Advisory Circular (AC) 90-101 provides airworthiness and operational approval guidance material for aircraft operators conducting Title 14 of the Code of Federal Regulations (14 CFR) part 97 Area Navigation (RNAV) Required Navigation Performance (RNP) instrument approach procedures with Special Aircraft and Aircrew Authorization Required (SAAAR), charted as “RNAV (RNP) RWY XX”.  Hereafter, these procedures will be referred to as “RNP SAAAR”.


Desired Outcome:   

1-- NonStandard OpSpec C384 is now in the live part 121 DB [only].  We are still working on the development of standardized guidance.  However, the intent is for this OpSpec to remain a nonstandard authorization requiring AFS-200 and AFS-400 concurrence for it to be issued. 

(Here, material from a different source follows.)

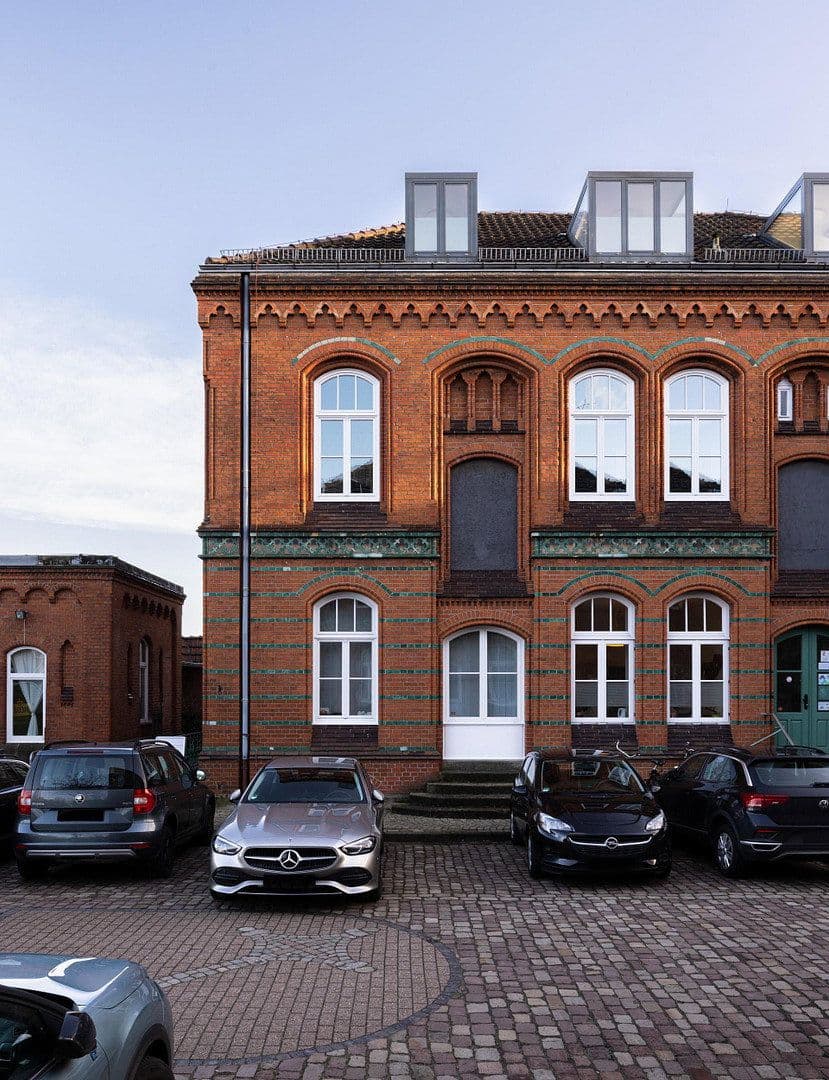 Prenájom kancelárie 139 m², Theodor-Heuss-Allee 21, Bremen, Brémy Prenájom kancelárie 139 m², Theodor-Heuss-Allee 21, Bremen, Brémy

2--C052.  Nov. 1, 2005 the FAA added the following statement to ensure(?) that all realized the importance of following the AC 90-101 guidance for nonstandard authorization even though the RNP-SAAR approaches are published as Part 97 approaches ( Note:  C058, Foreign instrument procedures, do not use the same naming convention as the Part 97 does.:


“(4)   Approach procedures listed in the table above do not constitute authorization to conduct Part 97 RNAV (RNP) approaches.  In addition, this operations specification does not constitute authorization to conduct any foreign airport approach which has an RNP line of minima, an RF leg segment (radius to a fix), or requires an RNP missed approach.  These types of approaches must be authorized by the issuance of OpSpec C384.  “


3—POI asks:  there are numerous type of approaches at foreign destinations that are not included in the table—do they need to be?:

1. VOR-A (circle to land)*                             Non-Precision           STT (St. Thomas USVI) / MUGM

2. VOR-1                                                       Non-Precision          MUPB

3. VOR-2                                                       Non-Precision           MUPB

4. NDB Locator                                        Non-Precision           MUHA

5. *NDB A   (circle to land)*                     Non-Precision           TUPJ/TAPA/TKPK

6. *NDB B   (circle to land)*                     Non-Precision           TUPJ

7. NDB PTP    (ident facility-French)       Non-Precision           TFFR

8. NDB PTP ILS DME                              Precision                     TFFR

9. *RNAV (GPS)-C (circle to land)*         Non-Precision           TUPJ

10.*GPS-A   (circle to land)*                   Non-Precision            KEYW (Key West, FL)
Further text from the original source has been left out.